Find each line of the material below in which the word "Night" occurs, and return it.
[Start of Attachment]
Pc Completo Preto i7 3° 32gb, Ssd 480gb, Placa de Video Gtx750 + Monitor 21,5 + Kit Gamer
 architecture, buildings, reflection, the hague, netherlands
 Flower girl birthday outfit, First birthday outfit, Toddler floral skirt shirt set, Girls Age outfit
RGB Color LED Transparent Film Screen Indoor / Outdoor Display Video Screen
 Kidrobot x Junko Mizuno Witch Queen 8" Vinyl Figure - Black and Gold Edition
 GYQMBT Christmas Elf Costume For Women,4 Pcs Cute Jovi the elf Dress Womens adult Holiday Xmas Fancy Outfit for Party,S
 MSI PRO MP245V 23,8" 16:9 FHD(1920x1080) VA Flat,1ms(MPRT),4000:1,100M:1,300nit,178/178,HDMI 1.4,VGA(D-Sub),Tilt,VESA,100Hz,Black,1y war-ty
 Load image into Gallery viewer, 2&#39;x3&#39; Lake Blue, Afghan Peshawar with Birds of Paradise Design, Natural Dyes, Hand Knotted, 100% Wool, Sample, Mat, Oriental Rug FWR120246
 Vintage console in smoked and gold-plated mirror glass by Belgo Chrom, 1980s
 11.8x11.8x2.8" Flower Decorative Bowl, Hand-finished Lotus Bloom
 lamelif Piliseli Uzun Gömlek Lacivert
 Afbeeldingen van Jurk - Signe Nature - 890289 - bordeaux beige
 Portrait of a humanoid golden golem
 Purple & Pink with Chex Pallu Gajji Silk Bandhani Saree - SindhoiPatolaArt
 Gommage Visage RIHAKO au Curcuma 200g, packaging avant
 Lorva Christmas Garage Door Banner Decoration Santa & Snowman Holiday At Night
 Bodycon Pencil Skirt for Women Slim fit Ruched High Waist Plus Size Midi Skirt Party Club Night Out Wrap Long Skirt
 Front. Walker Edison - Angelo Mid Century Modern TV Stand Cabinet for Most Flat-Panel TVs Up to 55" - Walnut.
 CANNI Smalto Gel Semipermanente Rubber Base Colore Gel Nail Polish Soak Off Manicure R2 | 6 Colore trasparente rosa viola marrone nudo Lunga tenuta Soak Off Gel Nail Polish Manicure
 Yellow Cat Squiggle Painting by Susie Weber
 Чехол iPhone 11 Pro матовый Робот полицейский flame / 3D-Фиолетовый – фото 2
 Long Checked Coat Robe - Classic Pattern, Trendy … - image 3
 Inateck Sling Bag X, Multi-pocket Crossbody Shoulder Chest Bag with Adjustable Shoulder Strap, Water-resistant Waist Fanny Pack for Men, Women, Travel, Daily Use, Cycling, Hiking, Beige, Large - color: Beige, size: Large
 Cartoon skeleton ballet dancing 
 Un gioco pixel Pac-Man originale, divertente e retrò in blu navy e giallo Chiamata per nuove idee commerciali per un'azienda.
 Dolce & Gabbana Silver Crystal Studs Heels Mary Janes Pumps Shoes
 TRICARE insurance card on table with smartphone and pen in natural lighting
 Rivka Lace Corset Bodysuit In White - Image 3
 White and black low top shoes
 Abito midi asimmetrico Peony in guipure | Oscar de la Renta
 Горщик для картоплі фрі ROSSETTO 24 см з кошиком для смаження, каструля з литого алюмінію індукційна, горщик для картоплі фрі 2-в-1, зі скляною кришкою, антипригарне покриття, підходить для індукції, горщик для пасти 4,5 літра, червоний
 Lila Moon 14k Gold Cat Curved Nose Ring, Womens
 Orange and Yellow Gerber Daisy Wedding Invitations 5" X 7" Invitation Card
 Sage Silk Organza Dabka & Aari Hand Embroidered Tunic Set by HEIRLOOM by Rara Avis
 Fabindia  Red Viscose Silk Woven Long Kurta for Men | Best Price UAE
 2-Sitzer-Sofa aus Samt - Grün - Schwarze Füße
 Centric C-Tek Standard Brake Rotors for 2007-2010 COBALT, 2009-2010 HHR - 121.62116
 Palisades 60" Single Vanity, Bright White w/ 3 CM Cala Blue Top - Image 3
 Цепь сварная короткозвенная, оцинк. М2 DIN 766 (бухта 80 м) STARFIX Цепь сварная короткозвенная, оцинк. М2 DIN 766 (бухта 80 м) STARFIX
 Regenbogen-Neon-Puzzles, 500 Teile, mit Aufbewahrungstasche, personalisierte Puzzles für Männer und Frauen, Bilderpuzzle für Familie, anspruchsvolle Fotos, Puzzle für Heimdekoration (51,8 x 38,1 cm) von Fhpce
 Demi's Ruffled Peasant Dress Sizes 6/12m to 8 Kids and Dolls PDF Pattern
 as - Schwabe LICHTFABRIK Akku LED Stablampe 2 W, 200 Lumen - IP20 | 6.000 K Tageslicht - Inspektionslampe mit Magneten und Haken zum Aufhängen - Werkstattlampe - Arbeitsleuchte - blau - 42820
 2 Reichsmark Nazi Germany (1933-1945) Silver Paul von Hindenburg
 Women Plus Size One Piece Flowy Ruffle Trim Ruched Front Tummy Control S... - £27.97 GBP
[End of Attachment]
**Completed task:**
 Lorva Christmas Garage Door Banner Decoration Santa & Snowman Holiday At Night
 Bodycon Pencil Skirt for Women Slim fit Ruched High Waist Plus Size Midi Skirt Party Club Night Out Wrap Long Skirt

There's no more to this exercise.